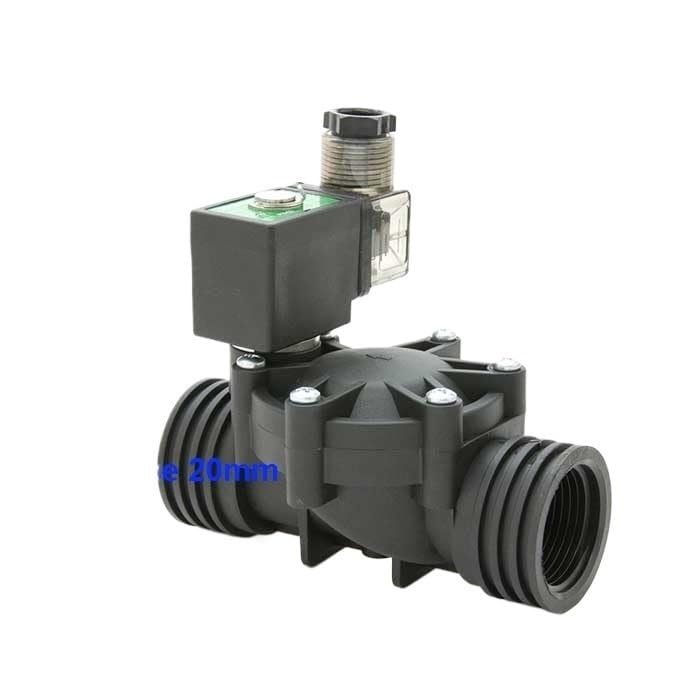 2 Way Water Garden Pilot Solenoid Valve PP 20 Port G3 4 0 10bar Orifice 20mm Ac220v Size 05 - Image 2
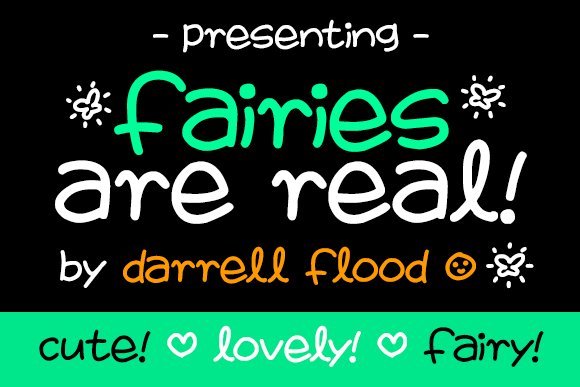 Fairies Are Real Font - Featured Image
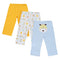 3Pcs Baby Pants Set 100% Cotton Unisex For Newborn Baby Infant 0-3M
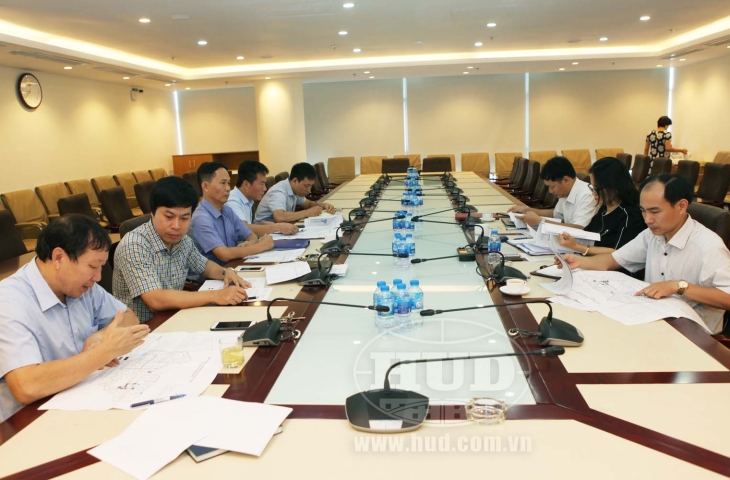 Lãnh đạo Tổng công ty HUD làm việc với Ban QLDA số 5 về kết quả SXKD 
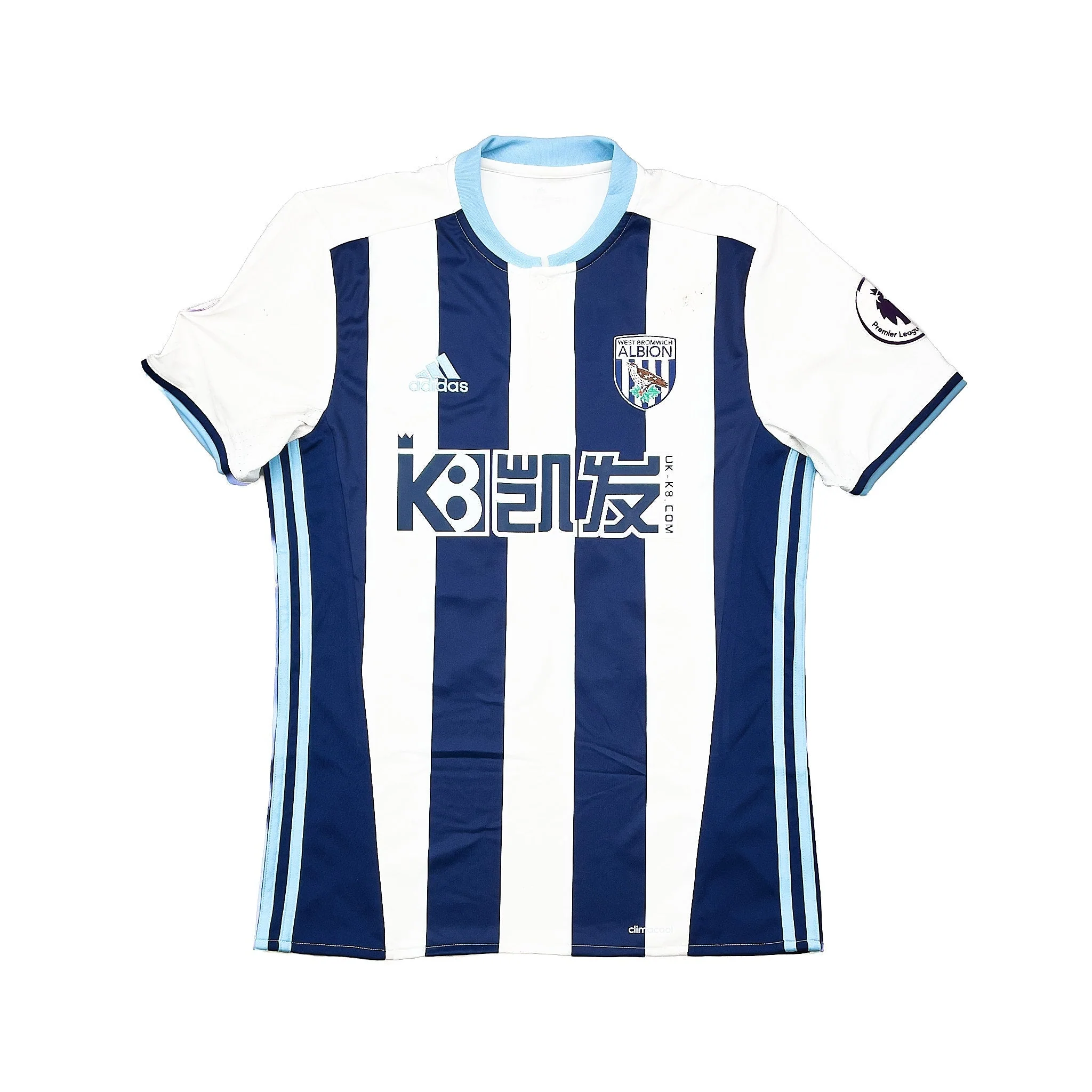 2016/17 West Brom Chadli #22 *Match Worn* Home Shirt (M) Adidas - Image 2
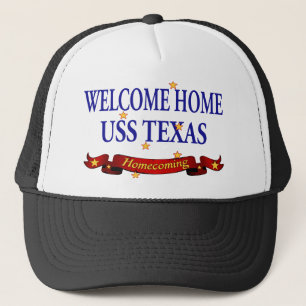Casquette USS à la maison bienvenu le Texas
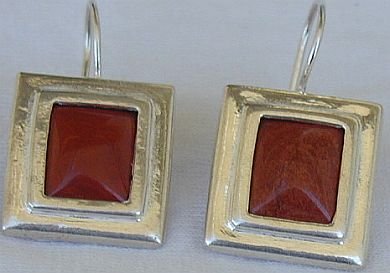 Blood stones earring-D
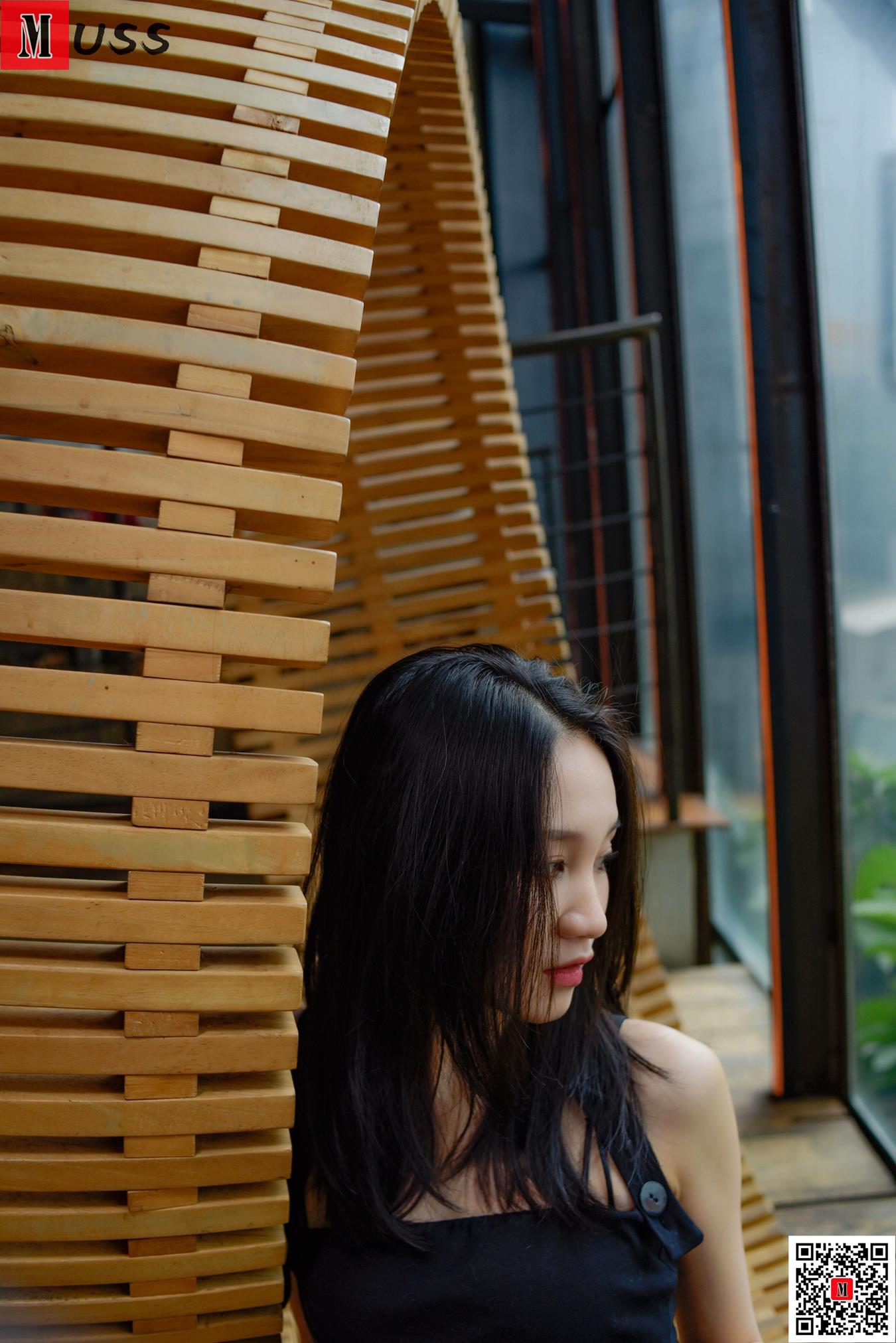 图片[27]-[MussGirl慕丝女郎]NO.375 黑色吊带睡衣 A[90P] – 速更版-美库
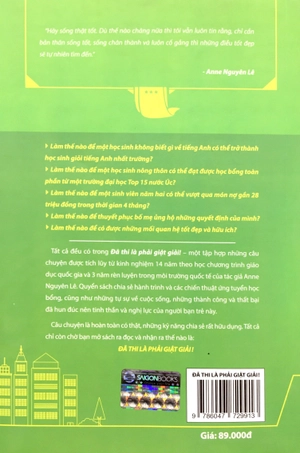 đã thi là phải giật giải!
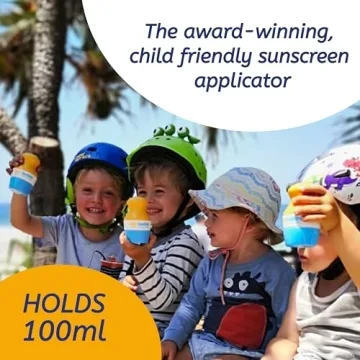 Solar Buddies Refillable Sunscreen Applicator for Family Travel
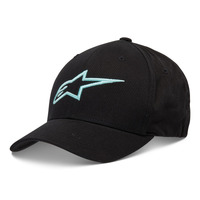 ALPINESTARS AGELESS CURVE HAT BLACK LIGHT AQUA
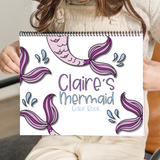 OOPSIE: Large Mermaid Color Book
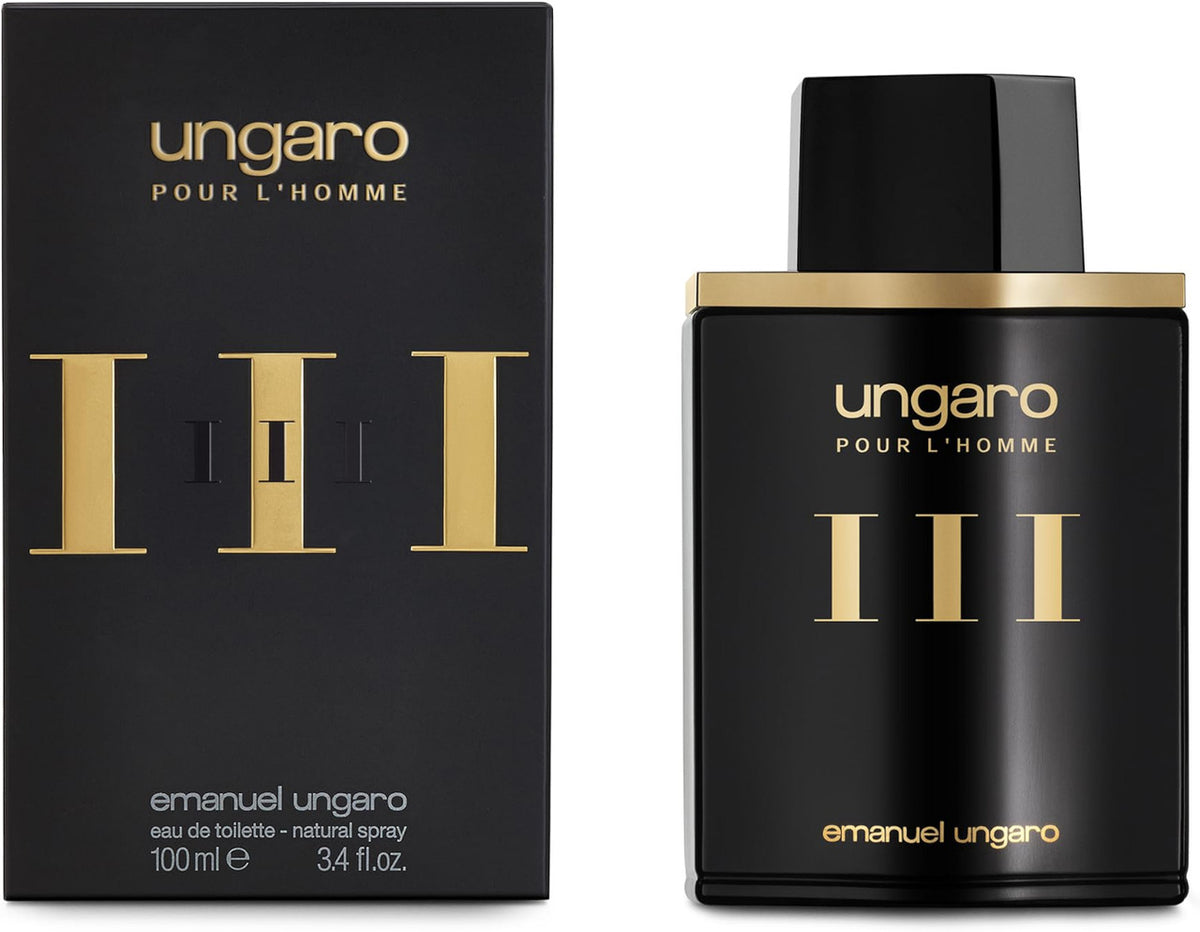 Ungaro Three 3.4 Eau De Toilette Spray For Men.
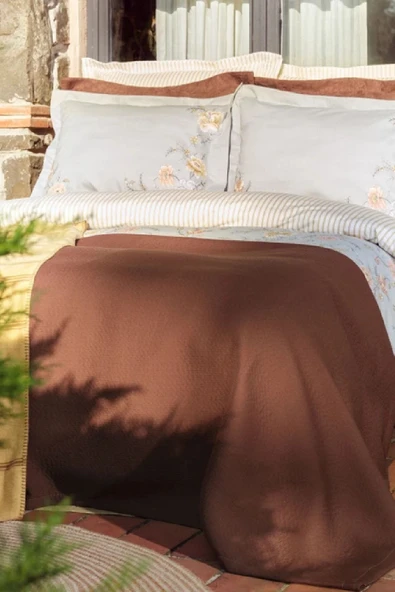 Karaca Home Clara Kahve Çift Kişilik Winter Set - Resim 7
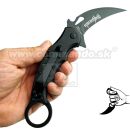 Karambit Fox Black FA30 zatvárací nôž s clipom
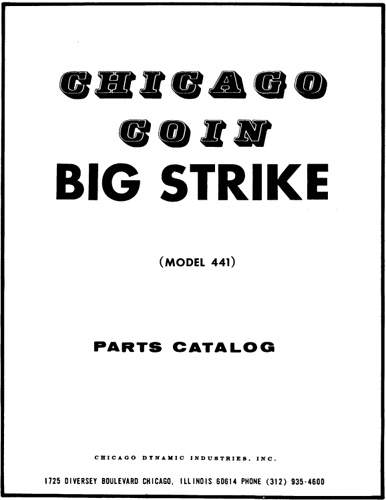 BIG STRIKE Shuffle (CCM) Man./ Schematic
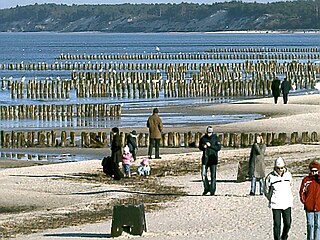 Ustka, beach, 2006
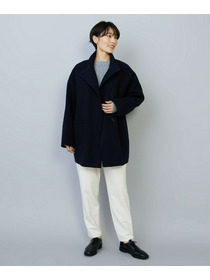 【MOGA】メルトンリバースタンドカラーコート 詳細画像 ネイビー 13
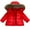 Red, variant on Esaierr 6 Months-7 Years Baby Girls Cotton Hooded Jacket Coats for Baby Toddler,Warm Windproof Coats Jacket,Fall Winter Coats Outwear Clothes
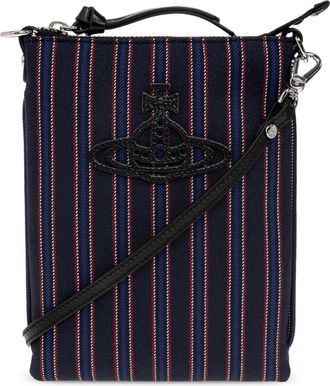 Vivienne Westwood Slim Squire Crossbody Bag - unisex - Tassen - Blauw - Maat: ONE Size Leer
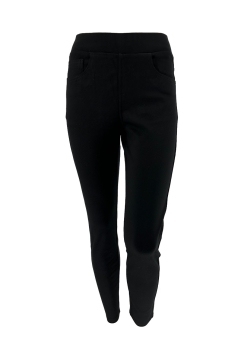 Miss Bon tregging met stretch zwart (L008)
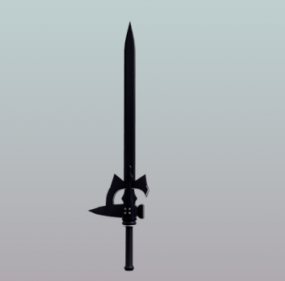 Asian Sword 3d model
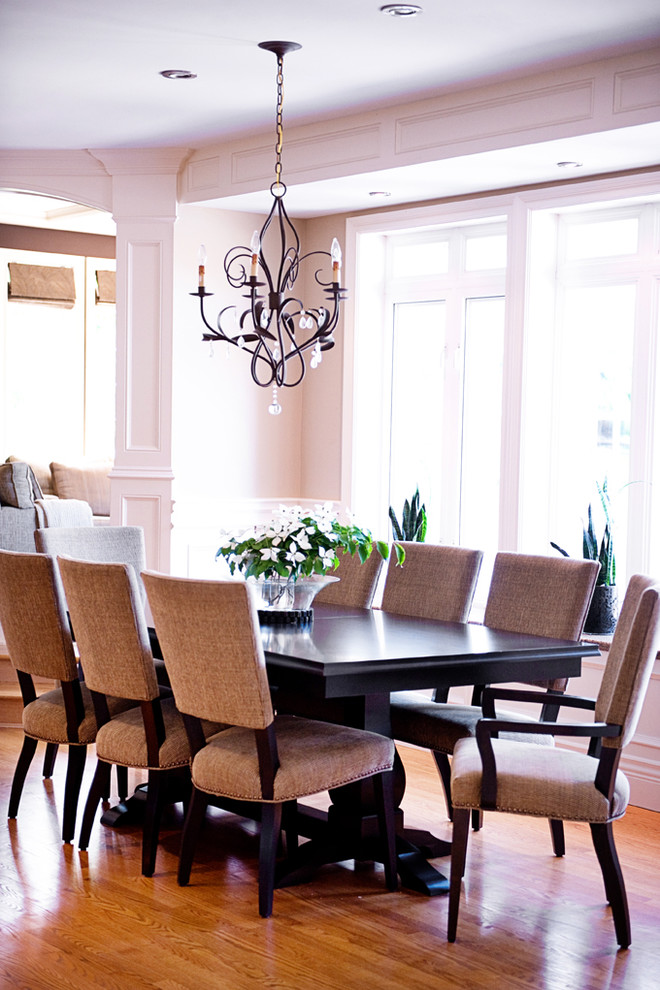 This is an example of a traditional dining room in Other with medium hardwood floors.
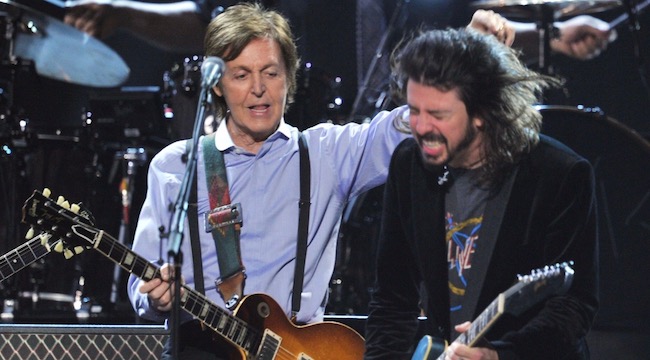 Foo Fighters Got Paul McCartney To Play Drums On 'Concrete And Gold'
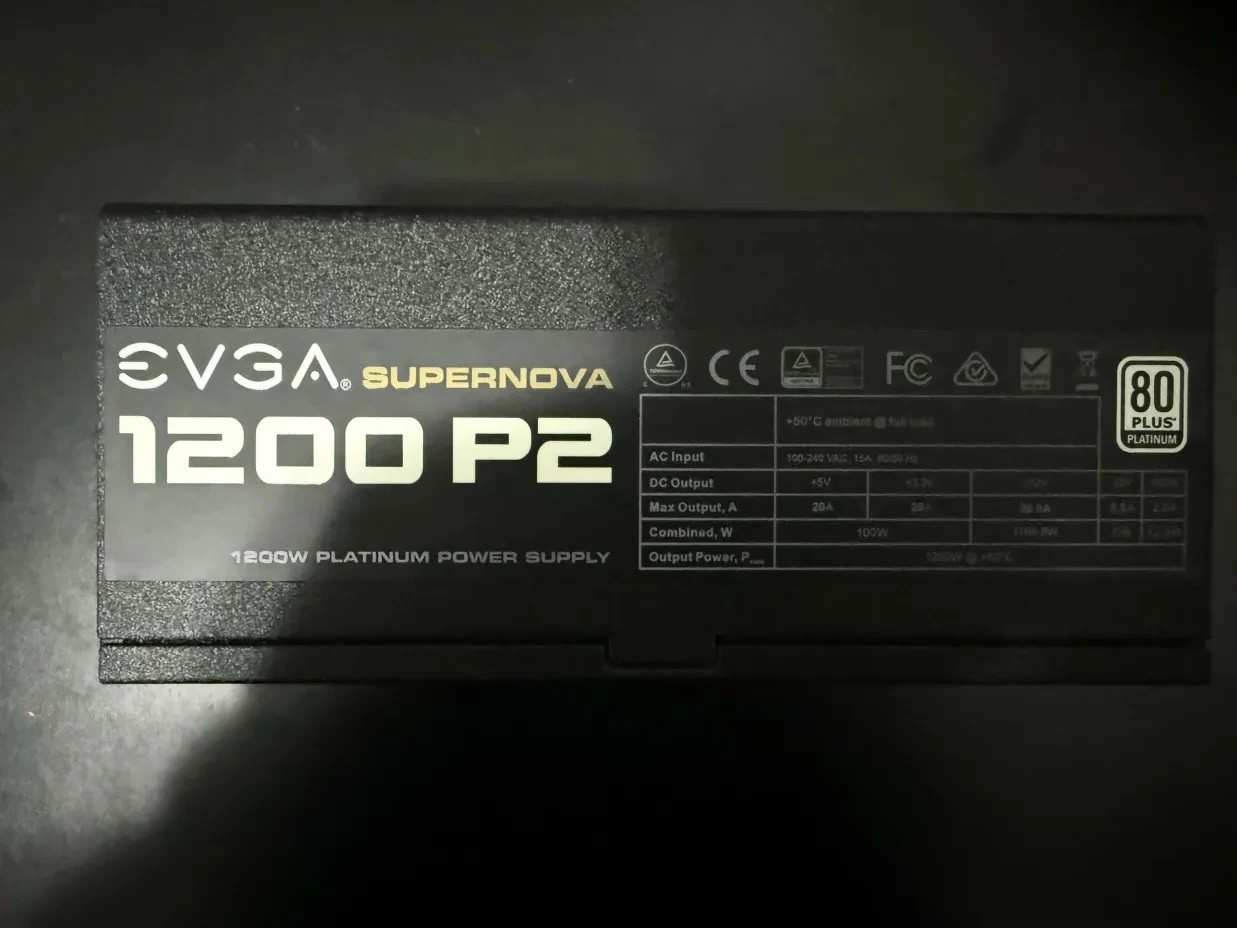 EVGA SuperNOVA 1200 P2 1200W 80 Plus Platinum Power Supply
:::::
Would you please print out all the records above exactly, minus any pictures?

#### Answer below:
 2 Way Water Garden Pilot Solenoid Valve PP 20 Port G3 4 0 10bar Orifice 20mm Ac220v Size 05 - Image 2
 Fairies Are Real Font - Featured Image
 3Pcs Baby Pants Set 100% Cotton Unisex For Newborn Baby Infant 0-3M
 Lãnh đạo Tổng công ty HUD làm việc với Ban QLDA số 5 về kết quả SXKD 
 2016/17 West Brom Chadli #22 *Match Worn* Home Shirt (M) Adidas - Image 2
Casquette USS à la maison bienvenu le Texas
 Blood stones earring-D
 图片[27]-[MussGirl慕丝女郎]NO.375 黑色吊带睡衣 A[90P] – 速更版-美库
 đã thi là phải giật giải!
 Solar Buddies Refillable Sunscreen Applicator for Family Travel
 ALPINESTARS AGELESS CURVE HAT BLACK LIGHT AQUA
 OOPSIE: Large Mermaid Color Book
 Ungaro Three 3.4 Eau De Toilette Spray For Men.
 Karaca Home Clara Kahve Çift Kişilik Winter Set - Resim 7
 Karambit Fox Black FA30 zatvárací nôž s clipom
 BIG STRIKE Shuffle (CCM) Man./ Schematic
 Ustka, beach, 2006
 【MOGA】メルトンリバースタンドカラーコート 詳細画像 ネイビー 13
 Red, variant on Esaierr 6 Months-7 Years Baby Girls Cotton Hooded Jacket Coats for Baby Toddler,Warm Windproof Coats Jacket,Fall Winter Coats Outwear Clothes
 Vivienne Westwood Slim Squire Crossbody Bag - unisex - Tassen - Blauw - Maat: ONE Size Leer
 Miss Bon tregging met stretch zwart (L008)
 Asian Sword 3d model
 This is an example of a traditional dining room in Other with medium hardwood floors.
 Foo Fighters Got Paul McCartney To Play Drums On 'Concrete And Gold'
 EVGA SuperNOVA 1200 P2 1200W 80 Plus Platinum Power Supply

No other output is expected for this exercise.